## DATA EXTRACT
====

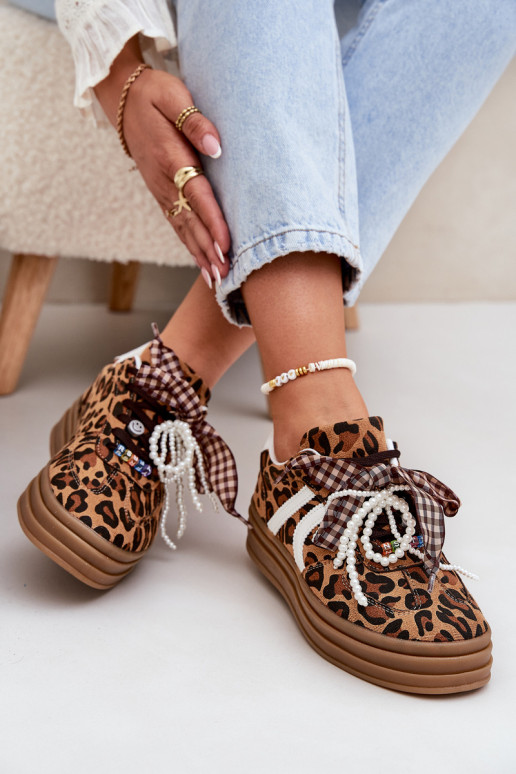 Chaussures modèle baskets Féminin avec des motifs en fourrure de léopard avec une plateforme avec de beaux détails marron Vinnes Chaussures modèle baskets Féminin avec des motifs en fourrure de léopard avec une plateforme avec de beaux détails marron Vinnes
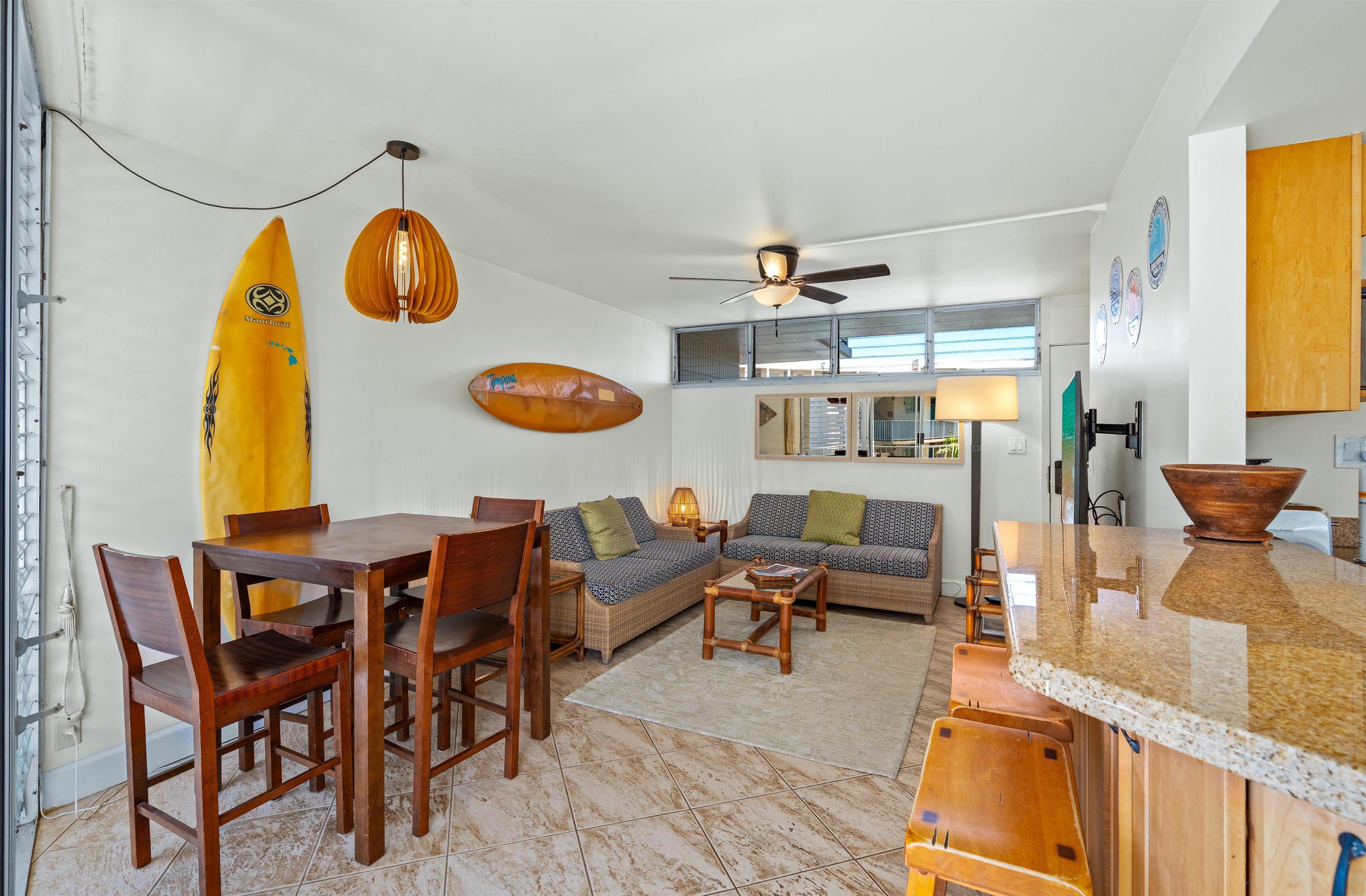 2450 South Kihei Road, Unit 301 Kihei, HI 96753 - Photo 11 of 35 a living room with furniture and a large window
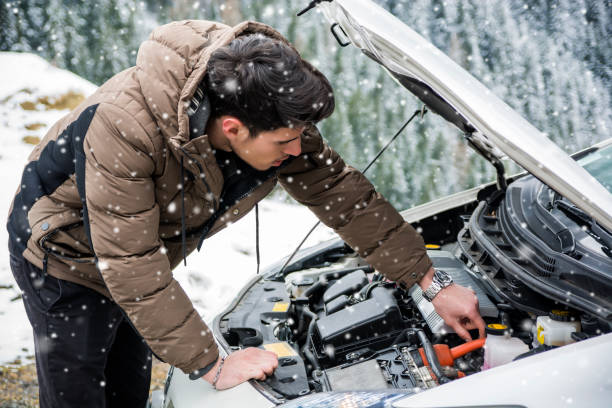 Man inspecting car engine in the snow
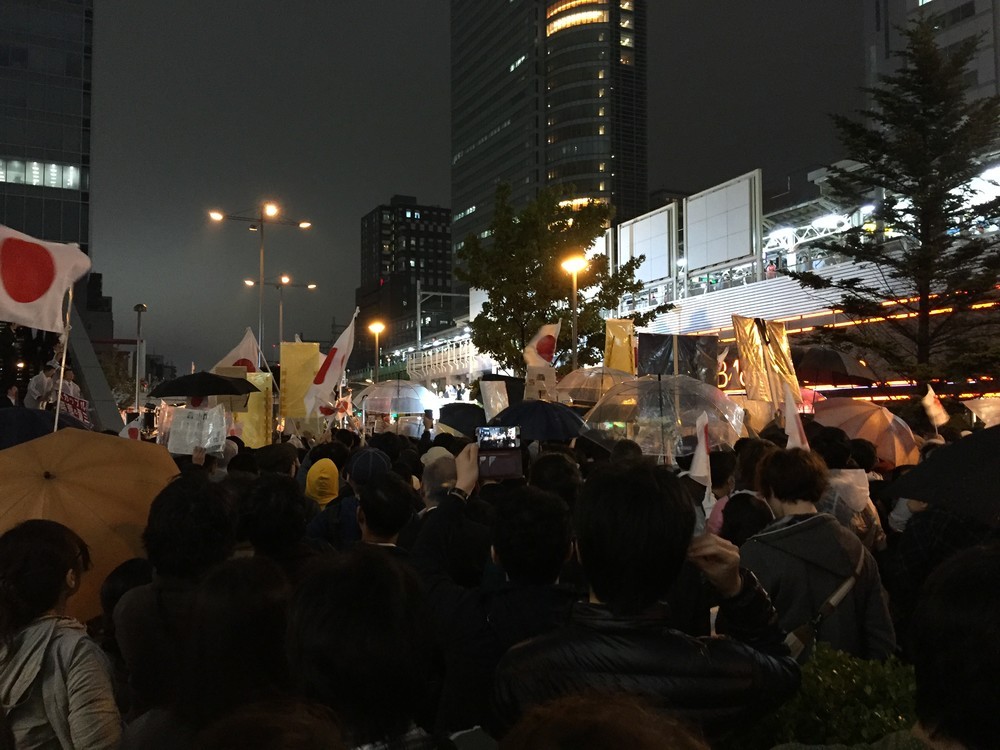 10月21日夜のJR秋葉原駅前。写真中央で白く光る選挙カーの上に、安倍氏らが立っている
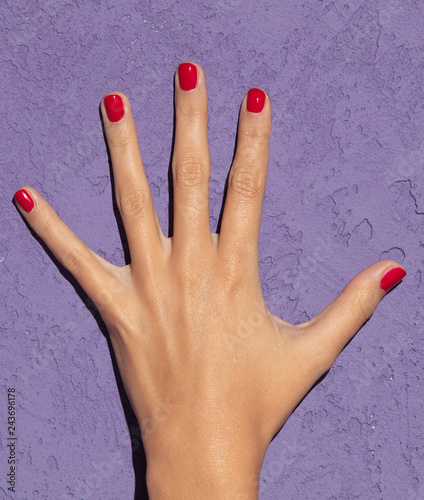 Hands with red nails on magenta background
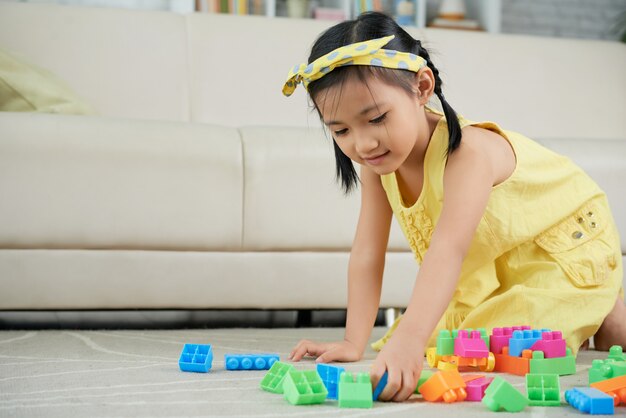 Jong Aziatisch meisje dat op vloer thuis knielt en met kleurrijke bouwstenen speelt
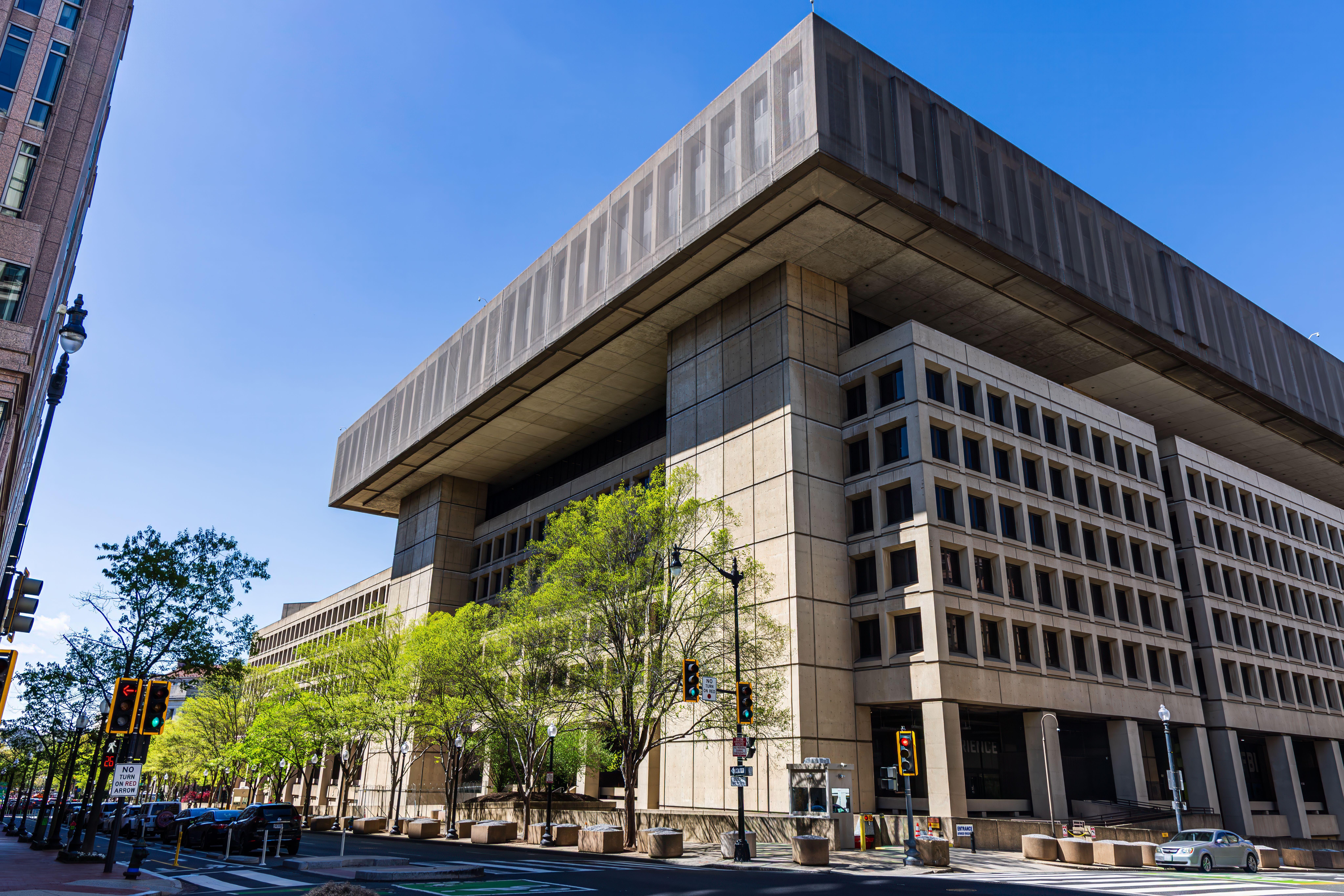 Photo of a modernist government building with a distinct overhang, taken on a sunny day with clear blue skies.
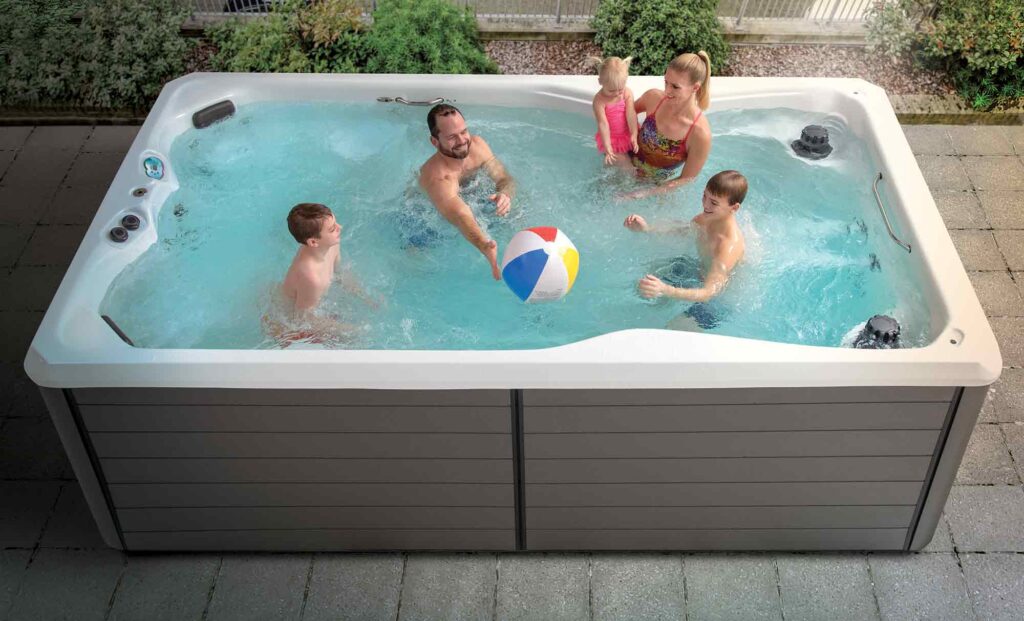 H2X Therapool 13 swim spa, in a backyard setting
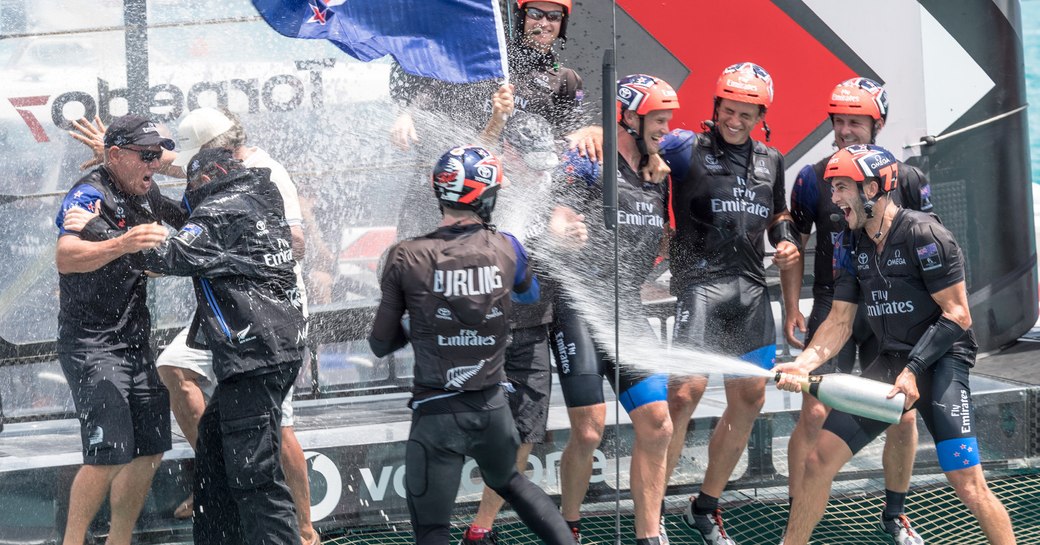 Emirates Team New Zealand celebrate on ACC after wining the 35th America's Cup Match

====

## YOUR GOAL
No pictures go in the copy. Output exactly the lines from the line containing "H2X Therapool 13" through the end of the listing above.

## RESPONSE AREA
 H2X Therapool 13 swim spa, in a backyard setting
 Emirates Team New Zealand celebrate on ACC after wining the 35th America's Cup Match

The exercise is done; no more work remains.